#### Problem:
Give the records below again, word for word. No pictures belong in the copy.
[[ Data in this exercise open ]]
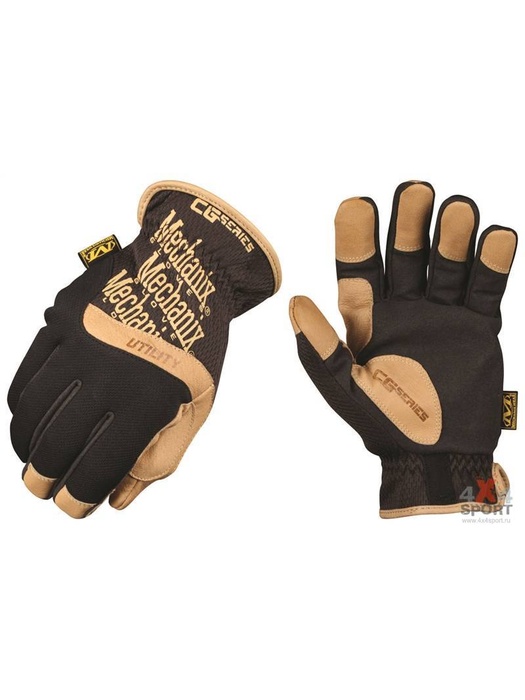 фото Перчатки Mechanix Wear CG Utility Glove CG15-75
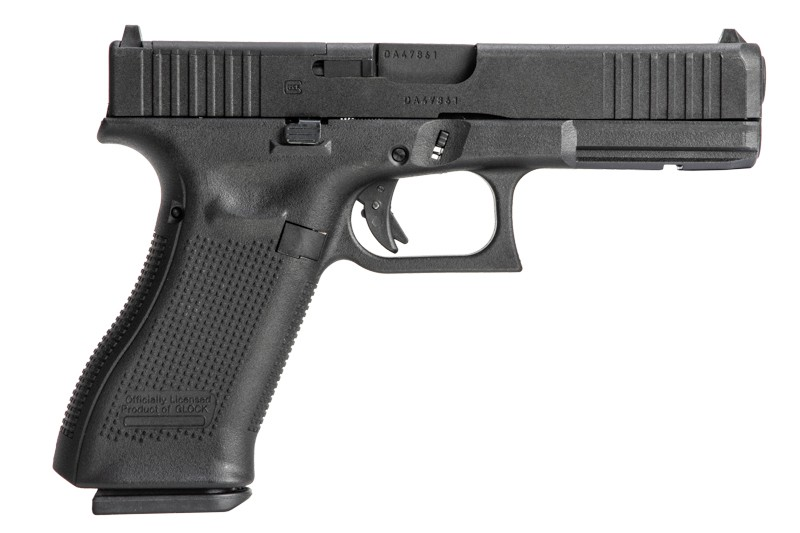 BATON GLOCK G17 Gen5 MOS CO2 ֥Хå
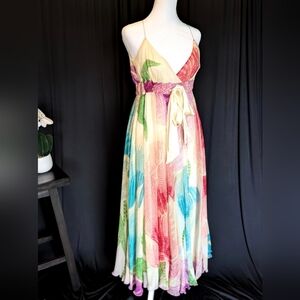 Vintage DVF Dress ASO Gilmore Girls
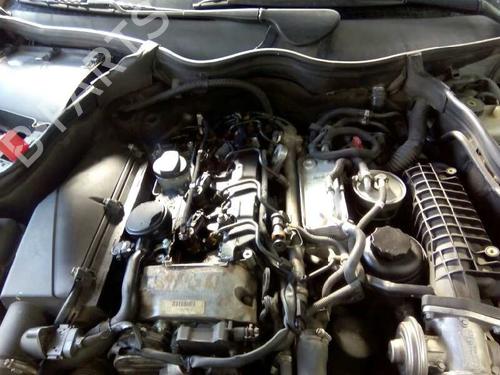 Right front driveshaft MERCEDES-BENZ C-CLASS Coupe (CL203)  | BP7229149M39 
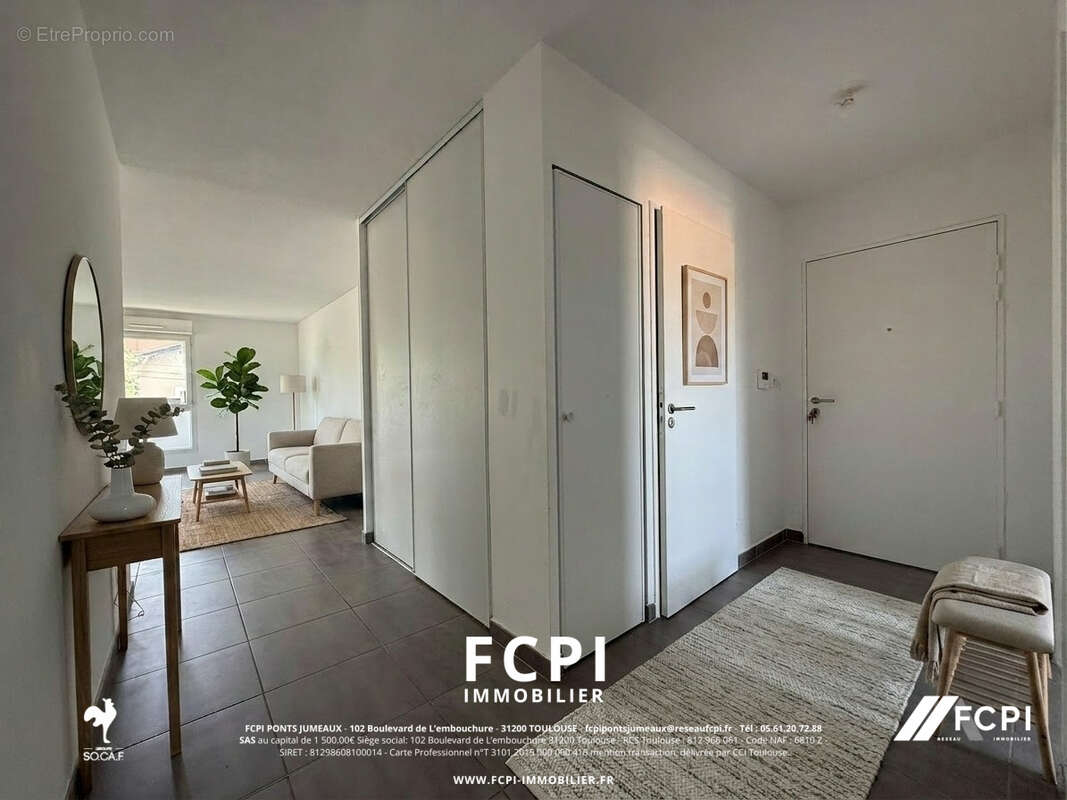 Appartement à MONTPELLIER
[[ Data in this exercise closed ]]
#### Solution for this exercise:
 фото Перчатки Mechanix Wear CG Utility Glove CG15-75
 BATON GLOCK G17 Gen5 MOS CO2 ֥Хå
 Vintage DVF Dress ASO Gilmore Girls
 Right front driveshaft MERCEDES-BENZ C-CLASS Coupe (CL203)  | BP7229149M39 
 Appartement à MONTPELLIER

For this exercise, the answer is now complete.